Passing POD to OpenACC kernel - best practice


I am using PGI 19.10. I need to pass a few simple POD objects and a few scalars to the openacc kernel.

struct Point { double x,y,z; };
Point p1,p2,p3,p4,p5,p6;

These objects are stored and updated on host, and will be used as input for GPU kernels.

If I were writing in CUDA, I would have passed them to cuda kernels by value, and this is what I’ve been assuming openacc kernels would’ve done for me. I just wrote things like

// compile with "release build" flags
#pragma acc parallel loop independent
for (int i = 0; i < N; ++i) {
   // use p1 ~ p6 here as input

and never found any problems. It was possible that there were problems and I was not aware of them.

I recently compiled the code with debug flags, and noticed PGI compiler generated “implicit copy (if not already present)” for these POD objects, which I have never seen in the release build. It seemed that if POD objects were modified between two calls of this kernel, the second call was not aware of the changes in POD objects, and moreover, the second call modified the objects to their old values.

With the help of this message–“implicit copy (if not already present)”, I can see why this was happening. I changed my code, so it did

#pragma acc enter data create(p1,p2,p3,p4,p5,p6)
#pragma acc exit data delete(p1,p2,p3,p4,p5,p6)

somewhere, and used

#pragma acc update device(p1,p2,p3,p4,p5,p6)

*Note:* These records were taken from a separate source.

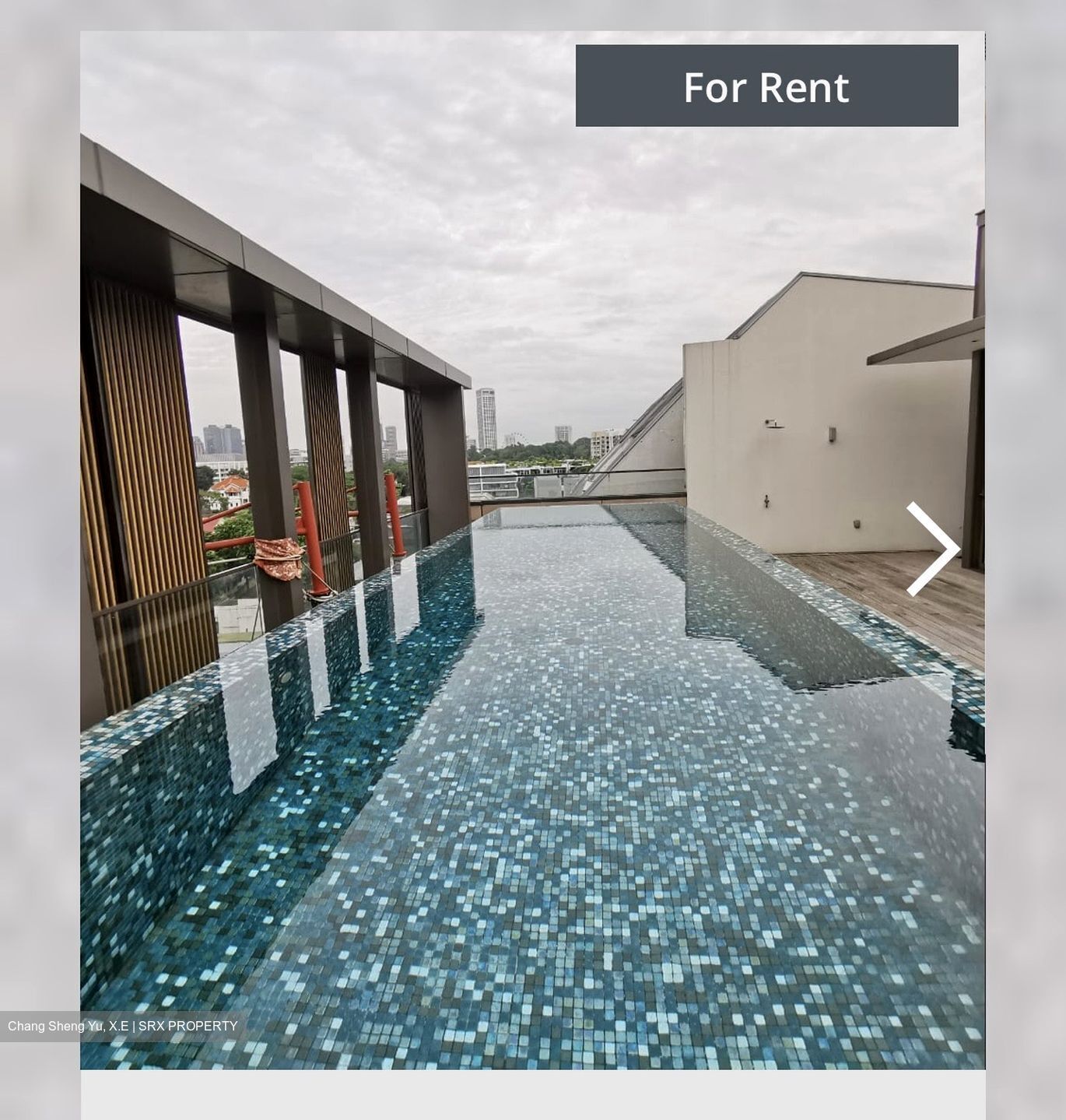 Lloyd Sixtyfive (D9), Apartment #364288261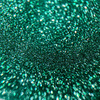 Molly Nails Flashing Lights 3 Poison Ivy Hybrid Nail Polish HEMA/Di-HEMA Free 8g No. 612
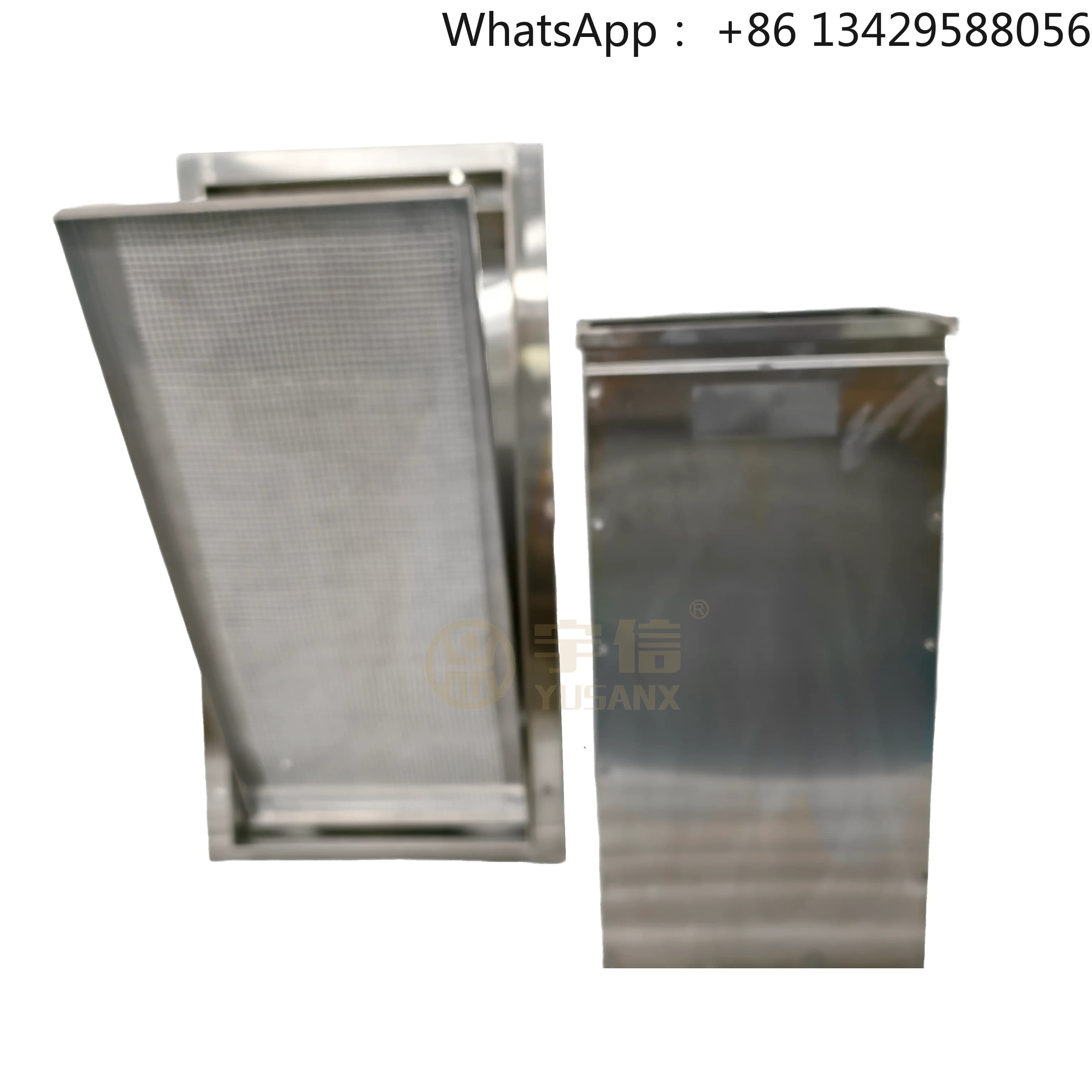 Concealed Refuse Bin 304 Stainless Steel Tiles Insert Hidden Trash Can Rimless Wall Mounted Recessed Rubbish Bin Bathroom Niche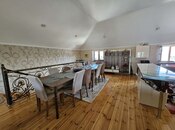 Продаётся 4-комн. дом/дача 160 м², пос. Сарай, photo 2 from 8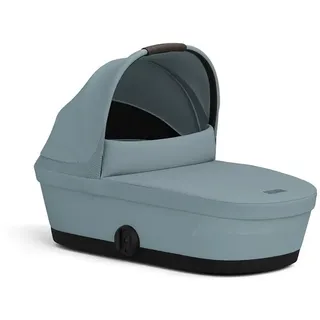 Cybex Melio Babywanne - Stormy Blue - One Size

immediately after POD objects were updated on host. And I added “present” to the kernel:

#pragma acc parallel loop independent present(p1,p2,p3,p4,p5,p6)
for (int i = 0; i < N; ++i) {
   // use p1 ~ p6 here as input

I didn’t expect these POD objects and scalars can be so different. I definitely wish that I could treat them as in the same way, and wonder what the best practice for passing POD objects is.


These are defined in the OpenACC 3.0 standard as “composite varaibles” where it specifies the default behavior:

830 data construct, or a visible declare directive. If there is no default(present) clause
831 on the construct, an array or composite variable referenced in the parallel construct that does
832 not appear in a data clause for the construct or any enclosing data construct will be treated as if
833 it appeared in a copy clause for the parallel construct.

I definitely wish that I could treat them as in the same way

You can send in a request to the OpenACC folks (, but while for your particular case making this struct be firstprivate by default might be ok, if would fail if the struct contained dynamic data members. Though, I’ll let them decide if something could be done.

wonder what the best practice for passing POD objects is

Best to manage them via data regions as your updated version does since it will reduce data movement.

Thank you Mat. This is very helpful.